2017/08/13

Feinstaub - Muss Gehen bald verboten werden?

In letzter Zeit war wieder häufiger von Feinstaub die Rede. Die etwas verquere Diskussion über Dieselautos in Deutschland drehte sich unter anderem auch um die allgegenwärtigen Feinstaubemissionen. Wenn man informierte und sachliche Quellen zu Rate zog, konnte man herausfinden, dass die Feinstaubbelastung durch Dieselmotoren nur einen Teil (und zwar den kleineren) des Problems ausmacht.
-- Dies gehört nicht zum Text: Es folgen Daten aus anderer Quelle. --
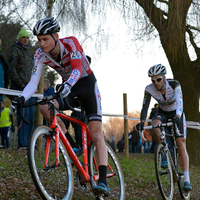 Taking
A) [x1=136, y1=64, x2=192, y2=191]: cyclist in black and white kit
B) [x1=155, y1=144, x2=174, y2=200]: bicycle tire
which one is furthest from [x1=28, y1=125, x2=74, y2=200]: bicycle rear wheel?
[x1=136, y1=64, x2=192, y2=191]: cyclist in black and white kit

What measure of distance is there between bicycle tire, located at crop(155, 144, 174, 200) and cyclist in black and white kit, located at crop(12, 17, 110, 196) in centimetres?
174

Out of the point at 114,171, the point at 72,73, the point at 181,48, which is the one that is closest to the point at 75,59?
the point at 72,73

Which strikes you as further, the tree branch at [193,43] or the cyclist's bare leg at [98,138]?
the tree branch at [193,43]

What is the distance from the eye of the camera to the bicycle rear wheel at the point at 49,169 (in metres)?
3.24

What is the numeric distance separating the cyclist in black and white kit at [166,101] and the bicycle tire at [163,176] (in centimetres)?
37

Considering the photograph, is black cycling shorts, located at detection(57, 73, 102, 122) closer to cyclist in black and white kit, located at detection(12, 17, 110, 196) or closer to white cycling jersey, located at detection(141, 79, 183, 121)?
cyclist in black and white kit, located at detection(12, 17, 110, 196)

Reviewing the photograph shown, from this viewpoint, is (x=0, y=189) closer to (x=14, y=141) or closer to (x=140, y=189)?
(x=140, y=189)

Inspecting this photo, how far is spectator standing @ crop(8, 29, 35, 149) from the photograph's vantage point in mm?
6930

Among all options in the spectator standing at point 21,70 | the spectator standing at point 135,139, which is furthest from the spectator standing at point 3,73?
the spectator standing at point 135,139

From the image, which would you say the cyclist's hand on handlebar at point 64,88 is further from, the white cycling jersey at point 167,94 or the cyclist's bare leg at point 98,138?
the white cycling jersey at point 167,94

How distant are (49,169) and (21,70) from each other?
13.3 ft

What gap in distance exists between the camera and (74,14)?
6910 mm

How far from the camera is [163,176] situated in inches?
228

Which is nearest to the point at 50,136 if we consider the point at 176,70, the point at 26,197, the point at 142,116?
the point at 26,197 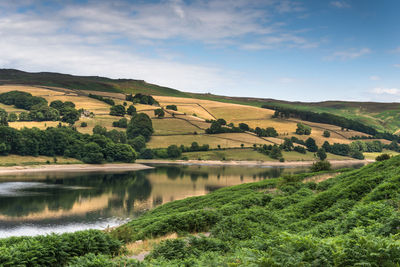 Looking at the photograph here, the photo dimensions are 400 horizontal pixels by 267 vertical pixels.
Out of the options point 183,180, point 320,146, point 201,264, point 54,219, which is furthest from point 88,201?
point 320,146

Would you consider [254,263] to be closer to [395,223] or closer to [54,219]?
[395,223]

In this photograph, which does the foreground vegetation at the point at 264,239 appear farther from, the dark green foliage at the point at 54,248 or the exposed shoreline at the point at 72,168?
the exposed shoreline at the point at 72,168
Das liegt vor allem daran, dass Staub aus vielerlei Ursprüngen in unser Leben tritt. Einer davon ist der Abrieb, der sich zwangsläufig beim Gehen ergibt. Bestimmt ist Ihnen, verehrter Leser, schon aufgefallen, dass sich die Absätze Ihrer Schuhe mit der Zeit mehr und mehr abrunden. Je nach zurückgelegter Laufstrecke müssen sie früher oder später repariert werden. Aus meinen eigenen Erfahrungen ist dies mindestens einmal im Jahr nötig.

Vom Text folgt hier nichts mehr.